Copy each line below as it stands, but skip any picture it contains.

## COLLECTED DATA
──────

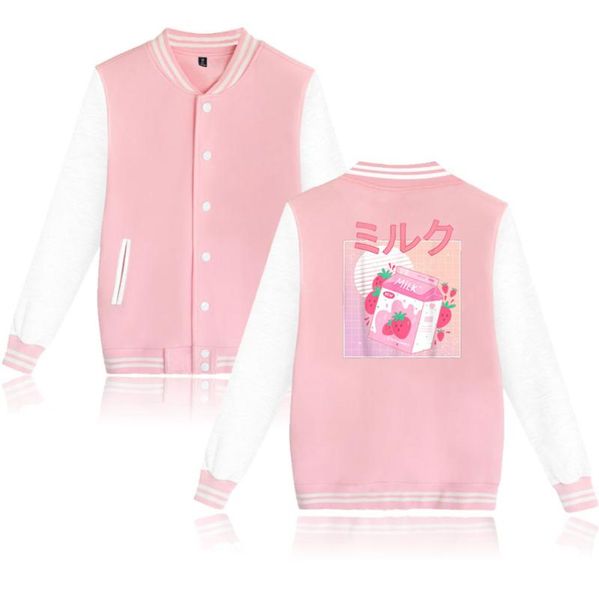 Felpe con cappuccio da donna Felpe con cappuccio da uomo GeorgeNotFound Latte alla fragola Hip Hop Giacca per ragazzo/ragazza Uniforme da baseball Harajuku Bomber Oversize St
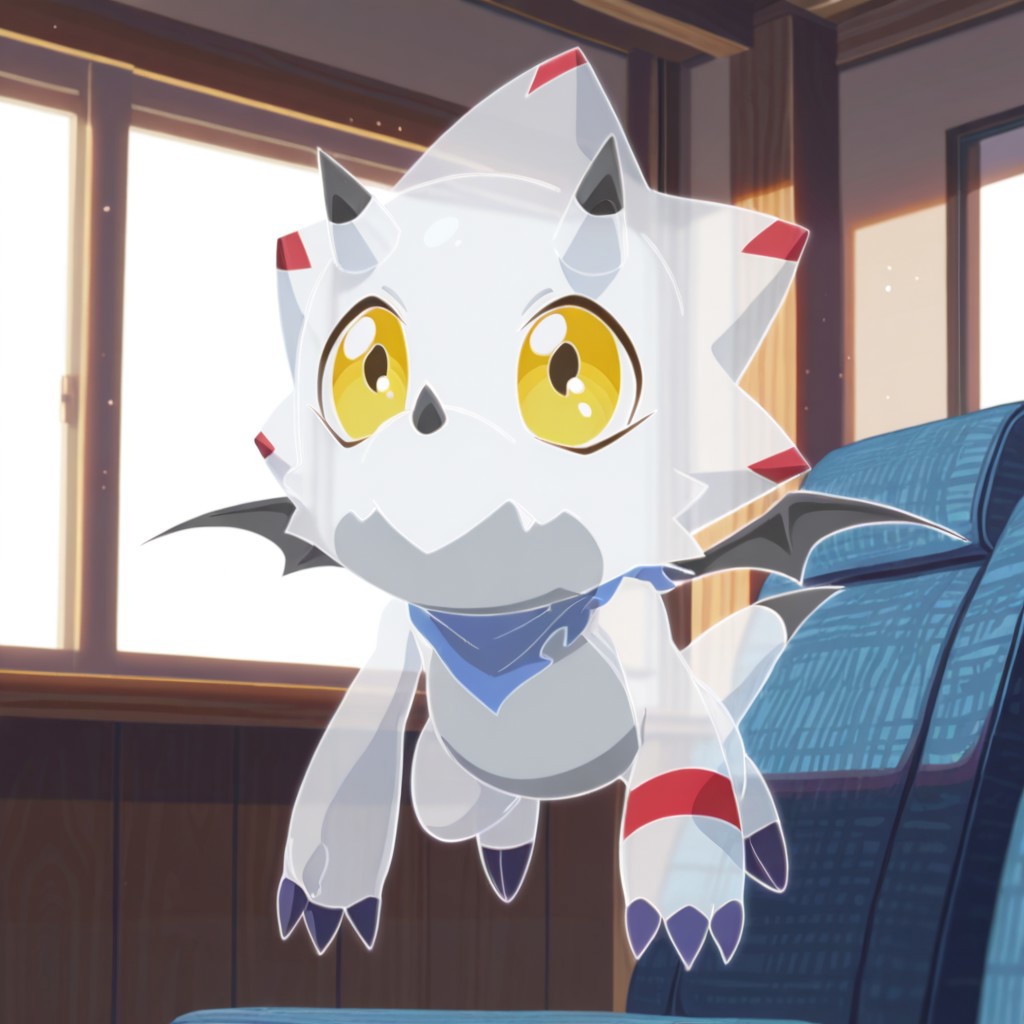 ((masterpiece, best quality, amazing quality,))  GammaGil, semi-anthro, Gammamon, ceratopsian, ghost form, outline, translucent body, white skin, yellow eyes, translucent blue neckerchief, horns, nose horn, tail, translucent character, translucent bat_wings, flying, inside, solo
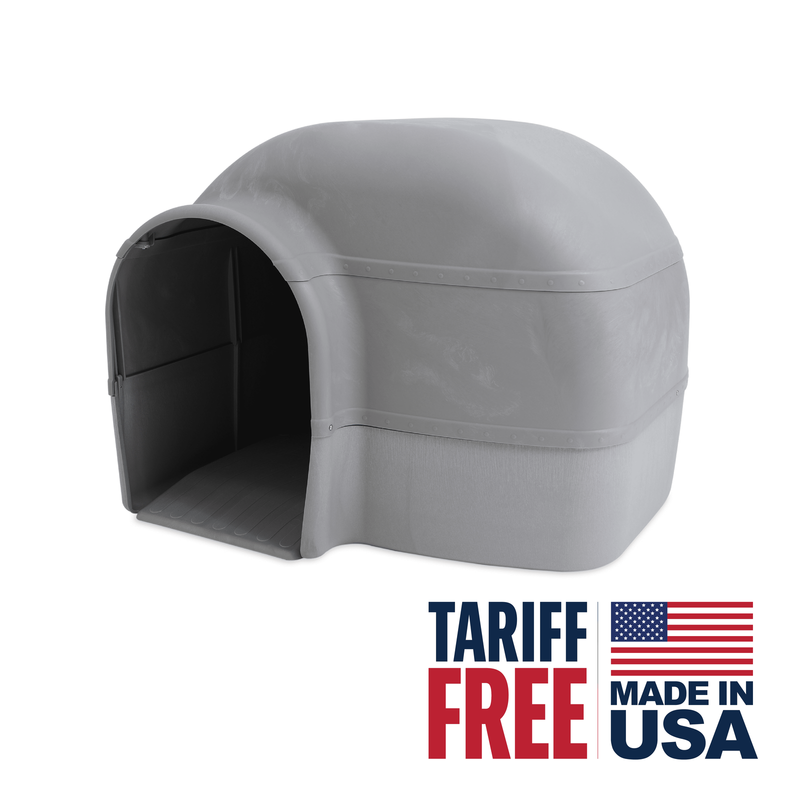 Igloo Dog House, Heavy Duty Durable Plastic, Outdoor Use, Leak-Resistant, Gray,2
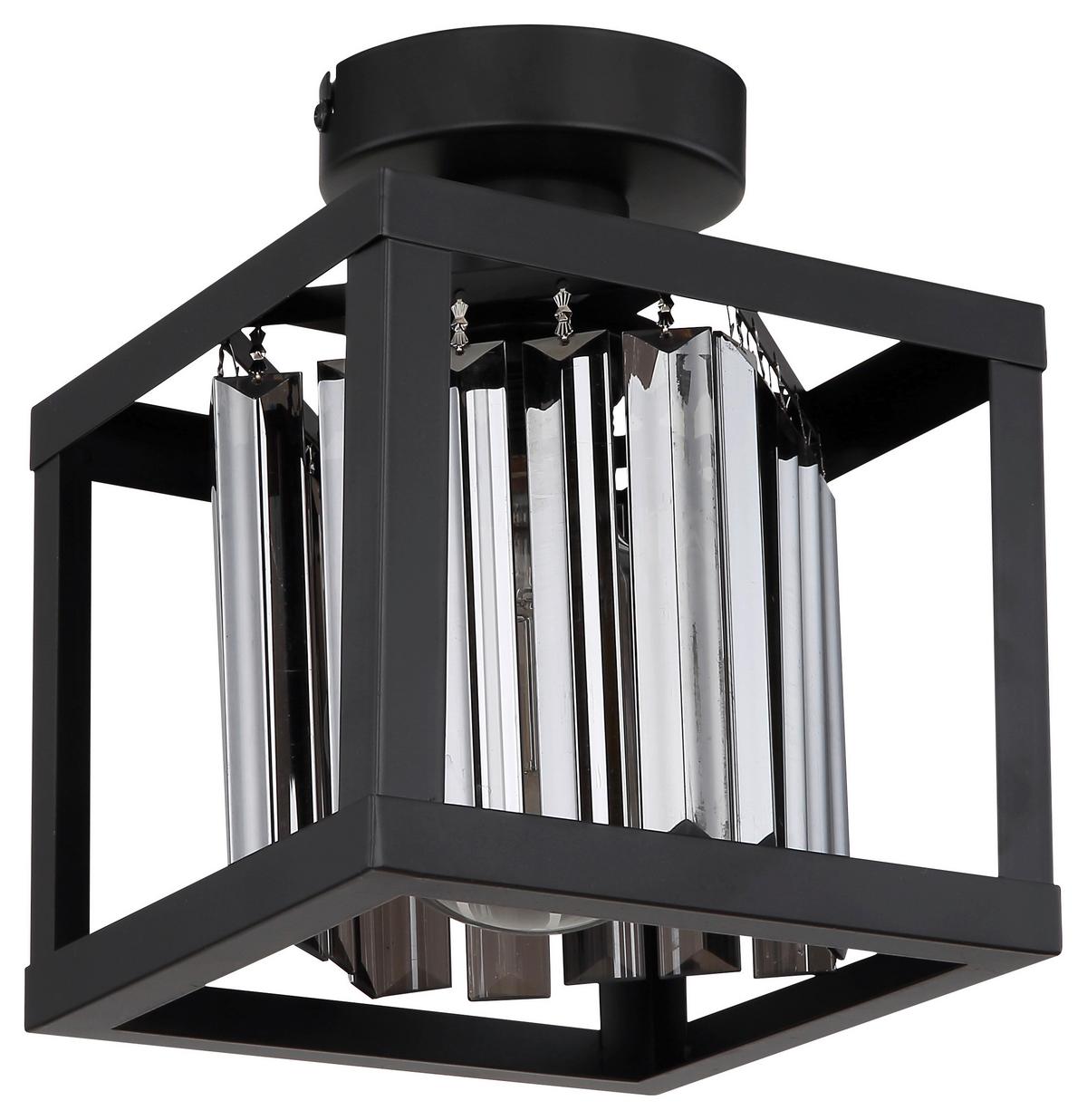 Deckenleuchte L: 17 cm 1-Flammig - Schwarz, Basics, Kunststoff/Metall (17/17/21cm) - Globo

──────

## ANSWER BELOW
 Felpe con cappuccio da donna Felpe con cappuccio da uomo GeorgeNotFound Latte alla fragola Hip Hop Giacca per ragazzo/ragazza Uniforme da baseball Harajuku Bomber Oversize St
 ((masterpiece, best quality, amazing quality,))  GammaGil, semi-anthro, Gammamon, ceratopsian, ghost form, outline, translucent body, white skin, yellow eyes, translucent blue neckerchief, horns, nose horn, tail, translucent character, translucent bat_wings, flying, inside, solo
 Igloo Dog House, Heavy Duty Durable Plastic, Outdoor Use, Leak-Resistant, Gray,2
 Deckenleuchte L: 17 cm 1-Flammig - Schwarz, Basics, Kunststoff/Metall (17/17/21cm) - Globo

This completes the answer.